> **Goal of the exercise**
Lines before the one containing "Abercrombie Light Wash" are excluded; reproduce that line and all lines after it in the entries below, exactly.

_ _ _

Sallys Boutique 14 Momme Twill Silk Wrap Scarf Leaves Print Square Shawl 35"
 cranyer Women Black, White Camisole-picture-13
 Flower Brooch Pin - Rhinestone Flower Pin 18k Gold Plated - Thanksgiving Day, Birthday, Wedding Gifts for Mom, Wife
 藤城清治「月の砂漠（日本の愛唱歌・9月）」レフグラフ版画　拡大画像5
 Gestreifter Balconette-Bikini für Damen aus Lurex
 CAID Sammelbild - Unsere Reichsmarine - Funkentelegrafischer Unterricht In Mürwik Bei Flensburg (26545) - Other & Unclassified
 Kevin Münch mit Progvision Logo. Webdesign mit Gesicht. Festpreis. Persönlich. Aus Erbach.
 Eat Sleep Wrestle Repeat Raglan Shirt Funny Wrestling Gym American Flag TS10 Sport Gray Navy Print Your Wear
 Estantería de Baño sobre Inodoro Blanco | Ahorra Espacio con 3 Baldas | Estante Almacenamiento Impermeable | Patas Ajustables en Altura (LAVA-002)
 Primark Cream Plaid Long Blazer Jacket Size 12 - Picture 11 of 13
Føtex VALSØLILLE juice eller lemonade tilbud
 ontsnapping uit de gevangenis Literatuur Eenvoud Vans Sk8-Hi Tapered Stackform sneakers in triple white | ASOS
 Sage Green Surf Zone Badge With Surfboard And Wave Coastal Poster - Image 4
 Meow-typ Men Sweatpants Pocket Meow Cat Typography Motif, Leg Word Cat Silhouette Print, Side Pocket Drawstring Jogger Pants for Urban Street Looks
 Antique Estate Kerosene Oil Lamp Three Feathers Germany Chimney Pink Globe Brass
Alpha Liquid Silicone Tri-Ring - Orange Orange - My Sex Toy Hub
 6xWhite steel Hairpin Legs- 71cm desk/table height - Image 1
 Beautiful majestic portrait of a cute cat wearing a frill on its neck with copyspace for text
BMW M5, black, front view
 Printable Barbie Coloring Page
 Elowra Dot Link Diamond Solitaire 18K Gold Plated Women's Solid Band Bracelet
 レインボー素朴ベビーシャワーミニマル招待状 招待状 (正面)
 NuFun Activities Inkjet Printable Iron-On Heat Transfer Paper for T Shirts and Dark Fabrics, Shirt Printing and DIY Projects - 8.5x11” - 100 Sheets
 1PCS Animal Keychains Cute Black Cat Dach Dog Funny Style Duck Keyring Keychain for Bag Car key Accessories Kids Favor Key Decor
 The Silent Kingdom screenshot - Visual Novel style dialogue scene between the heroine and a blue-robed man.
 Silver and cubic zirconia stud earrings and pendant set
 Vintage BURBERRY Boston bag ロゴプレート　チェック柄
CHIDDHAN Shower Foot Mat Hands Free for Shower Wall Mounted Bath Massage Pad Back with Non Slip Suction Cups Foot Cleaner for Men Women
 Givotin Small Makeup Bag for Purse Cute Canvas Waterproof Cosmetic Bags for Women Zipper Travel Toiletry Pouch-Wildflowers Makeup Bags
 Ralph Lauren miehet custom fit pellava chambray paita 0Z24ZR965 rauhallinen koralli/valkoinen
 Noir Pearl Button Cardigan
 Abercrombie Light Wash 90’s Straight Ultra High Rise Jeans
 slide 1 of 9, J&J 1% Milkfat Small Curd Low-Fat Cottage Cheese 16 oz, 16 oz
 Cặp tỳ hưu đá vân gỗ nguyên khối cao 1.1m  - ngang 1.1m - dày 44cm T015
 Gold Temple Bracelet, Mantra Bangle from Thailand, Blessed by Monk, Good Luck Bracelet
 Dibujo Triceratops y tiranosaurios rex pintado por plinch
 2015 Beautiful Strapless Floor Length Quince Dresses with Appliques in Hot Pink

_ _ _

> **Answer to this task**
 Abercrombie Light Wash 90’s Straight Ultra High Rise Jeans
 slide 1 of 9, J&J 1% Milkfat Small Curd Low-Fat Cottage Cheese 16 oz, 16 oz
 Cặp tỳ hưu đá vân gỗ nguyên khối cao 1.1m  - ngang 1.1m - dày 44cm T015
 Gold Temple Bracelet, Mantra Bangle from Thailand, Blessed by Monk, Good Luck Bracelet
 Dibujo Triceratops y tiranosaurios rex pintado por plinch
 2015 Beautiful Strapless Floor Length Quince Dresses with Appliques in Hot Pink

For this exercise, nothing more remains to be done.